SRY is an in silicon method for sorting long-read of sex-limited (Y or W) chromosome. It shows about one times higher sorting efficiency than tradictional chromosome flow-sorting method. Compared with Whole-genome assembly (WGA) or trio-binning, SRY covers more genomic regions of Y chromosome.
SRY identified male specific k-mers (MSK) based on population data. To decrease the impact of population structure and sequencing errors, SRY caculated MSK density of each long read and excludes those with lower marker density.
We need kmc, samtools, seqtk and parallel in your environment, you can use conda to install them and execute "export PATH=$PATH:/env/conda/bin/".
Usage: ./SRY_k (parameters with * must be supplied!)
-m <string>* Male (or female for W) short-read files with comma separated in sample and plus separated between samples
-f <string>* Female (or male for W) short-read files with comma separated in sample and plus separated between samples
-i <int> Minimum coverage of k-mers (default: 2)
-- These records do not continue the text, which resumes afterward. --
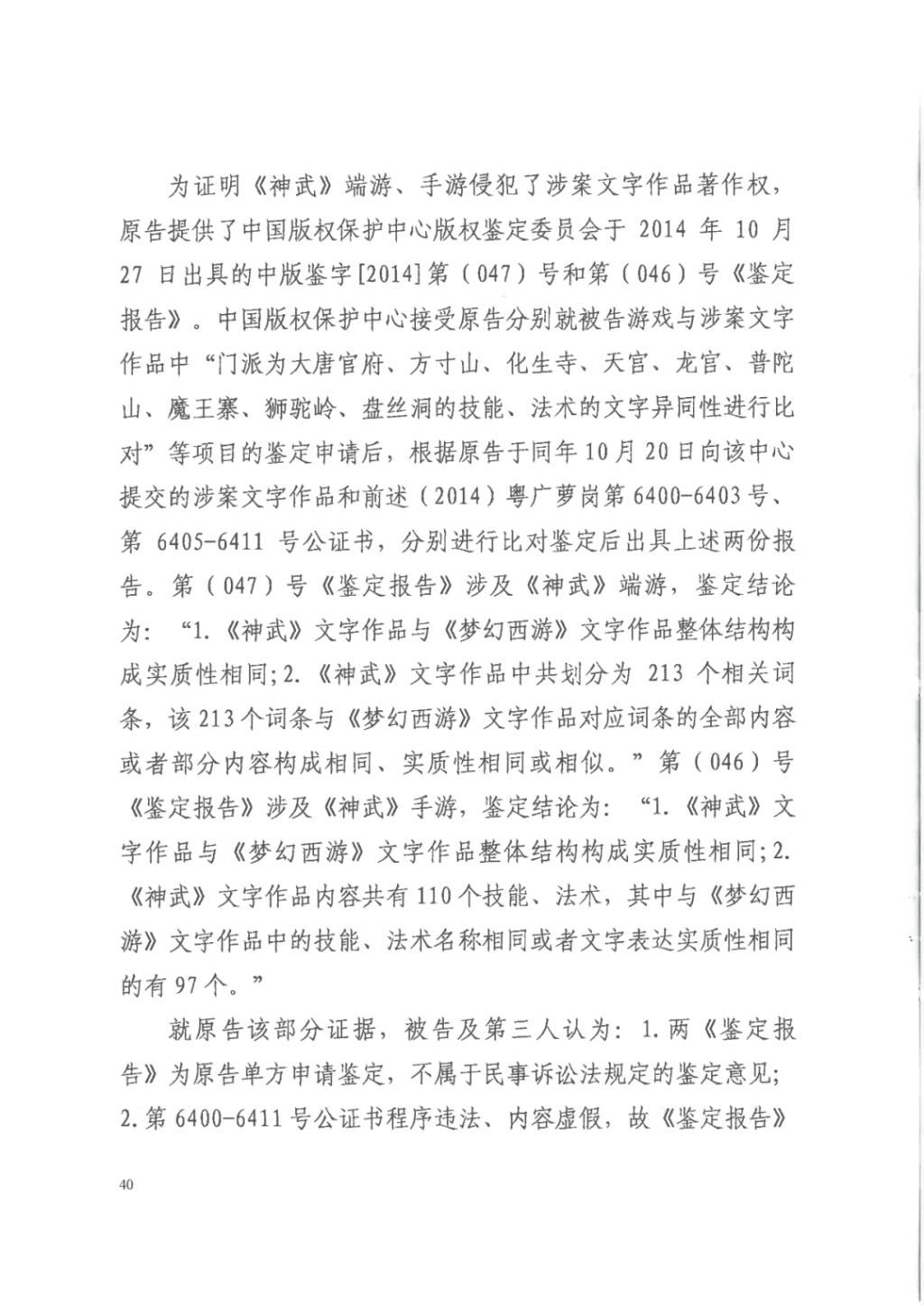 正当竞争|“梦幻西游VS神武”重审判决:《神武》不构成不正当竞争
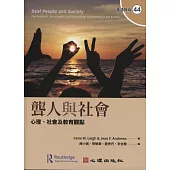 聾人與社會：心理、社會及教育觀點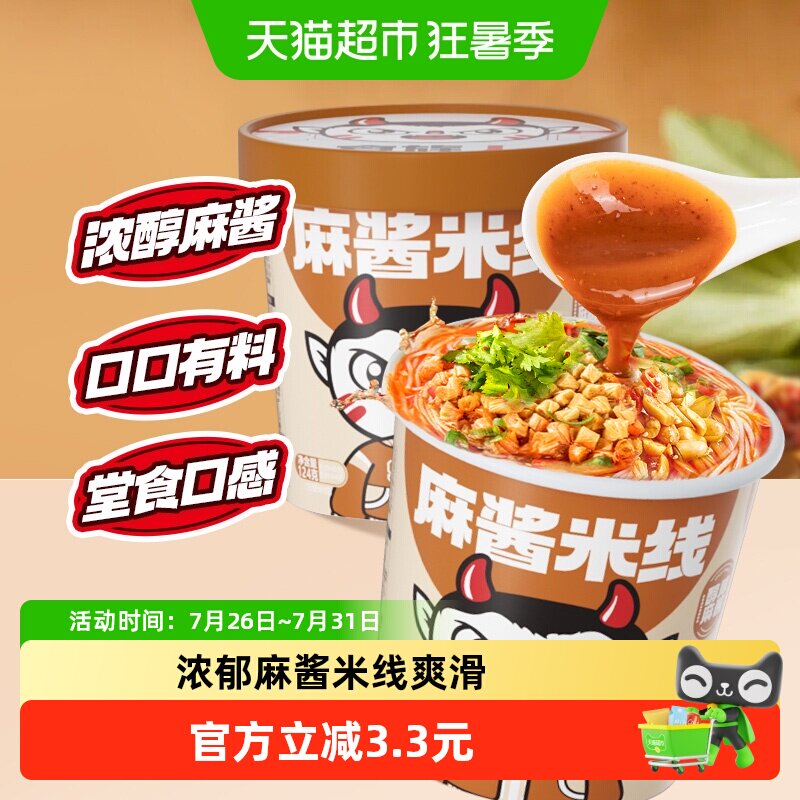 食族人麻酱米线124g*2南阳风味酸辣粉米粉螺蛳速食方便冲泡米线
-a <int> Maximum coverage of k-mers (default: unlimit)
-k <int> K-mer length (default: 21)
-p <int> CPU number (default: 1)
-h Help and exit.
SRY_k is used for identifying specific k-mers. SRY_pb2ont is used for sorting PacBio CLR or Nanopore long reads based on kmer file, and SRY_hifi is used for sorting hifi (PacBio CCS) reads or contigs based on kmer file. combine_hifi_reads.pl is used to combine the sorted hifi reads when two or more k-mer sets (such as k=21 and k=51) are utilized.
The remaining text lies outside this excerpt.